SALT LAKE CITY – The candidates in Utah’s 1st Congressional District to replace outgoing Republican Rob Bishop in Congress have deep philosophical differences on the issue of defense spending.

Democratic candidate Darren Parry of Providence says that he “one hundred percent” supports defense spending in nearby Hill Air Force Base.

Our president took $54 million from Hill last year to build his border wall,” Parry noted during a recent candidate forum sponsored by the Utah Debate Commission. “That is not acceptable. As your congressman, I will fight every day to make sure that the funding for Hill AFB stays where it belongs.”

But Parry is much less supportive of defense spending outside his own political backyard.

“I think we spend too much on defense,” he admitted, referring to the Pentagon budget of $716 billion in 2019.

While acknowledging the potential for cost savings in the defense budget, GOP candidate Blake Moore of Salt Lake City is equally protective of Hill AFB.

There’s good reason for the bi-partisan support of the military installation south of Ogden within Utah political circles.

Hill AFB is Utah’s sixth-largest employer. More than 10,000 service members and their dependents are assigned to the base. Many of them reside in the nearby communities of Layton, Clearfield, Riverdale, Roy and Sunset, all of which are within Utah’s 1st Congressional District.

The base’s tenant organizations include the Ogden Air Logistics Complex, which employs more than 16,000 civilian workers. In 2019, Hill Air Force base pumped an estimated $3.7 billion into Utah’s economy, including an annual payroll of nearly $1.5 billion and more than $800 million in local expenditures.

One of the base’s numerous missions is maintaining the U.S. arsenal of 450 Minuteman III intercontinental ballistic missiles that are now based in silos throughout the western United States.

Parry noted that Hill AFB will also play an instrumental role in replacing those missiles under the new Ground Based Strategic Deterrent program. That modernization effort is expected to take more than a decade at a cost of up to $85 billion.

The thinking of the rival candidates for the 1st District seat in Congress is naturally influenced by their backgrounds. Moore is a business consultant with previous experience in the defense and intelligence communities. Parry is a former tribal leader for the Northwestern Band of the Shoshone Nation.

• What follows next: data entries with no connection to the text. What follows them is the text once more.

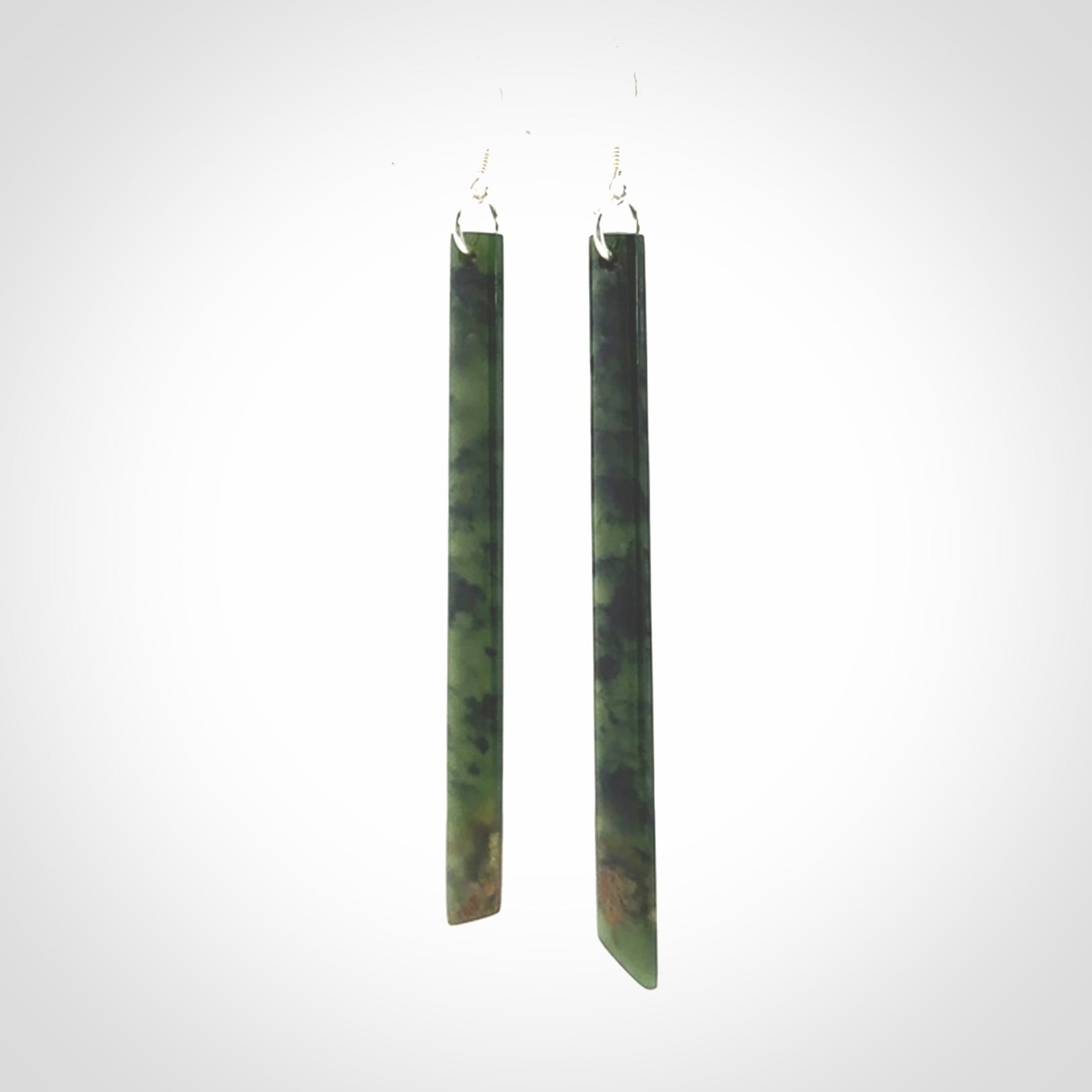 These are stunning large sized drop flower jade earrings carved in New Zealand. It is carved from a beautiful green piece of New Zealand Flower Jade and with Sterling Silver hooks and findings.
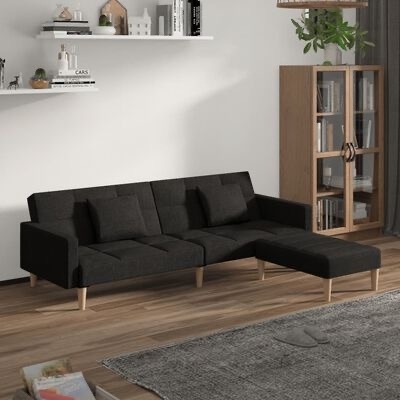 Sofá chaise longue preto numa sala com móveis de madeira e decor minimalista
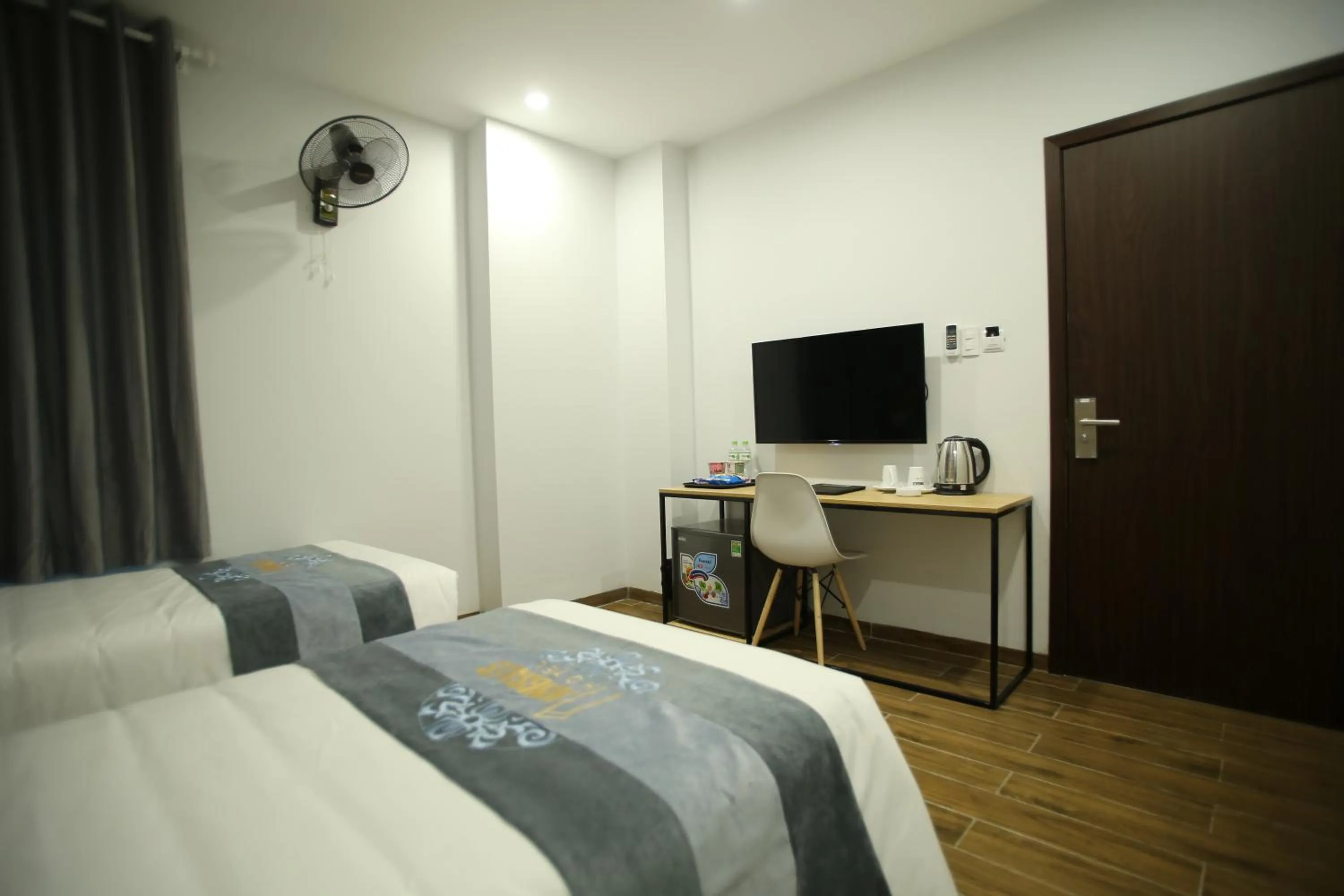 Bed in KingSales Hotel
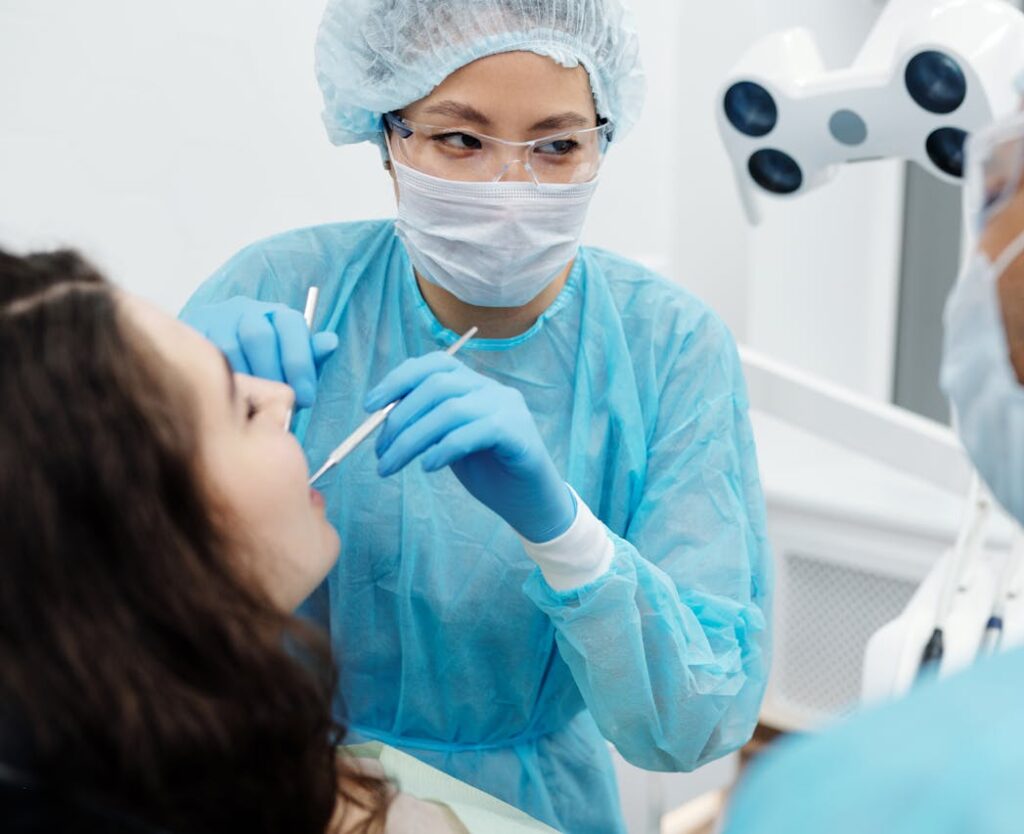 Woman in Blue Long Sleeve Scrub Suit Checking the Patient's Teeth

While applauding the contribution of American service members to the defense of our nation, Parry still confesses that he thinks the U.S. spends too much on the military.

“We need to ask what are our priorities today?” he argued. “Is it to be the strongest nation in terms of defense?

“My grandmother, a tribal elder, taught me the most important lesson I’ve ever heard. It was that our Native American community is only as strong as its most vulnerable members. Think about that. Think about spending less on defense and devoting more money to people who really need it, the marginalized members of our communities.”

But Moore counters that America’s budget problems cannot be solved by cutting defense spending alone.

We have much bigger spending issues,” he said.

“We have to look at this from an international perspective. Unfortunately, China is not slowing enhancement of its military … That means that America needs to continue to be at the cutting edge in terms of military power.”

But Moore admitted that his time spent in government service has taught him that the U.S. could maintain its military superiority and still trim billions from the federal budget.

“There’s so much waste,” he explained. “You could look at a certain percentage of our federal budget, across the board, and think how much of this spending is wasteful? That’s what we should target and I know we can. Cutting that waste wouldn’t touch a job or a mission, all of our military objectives would still be there.

“But, if we can find savings, it’s not about just transferring that money somewhere else. We have to use those savings to take a step toward a balanced budget.”

Moore and Parry will compete in the upcoming general election in November.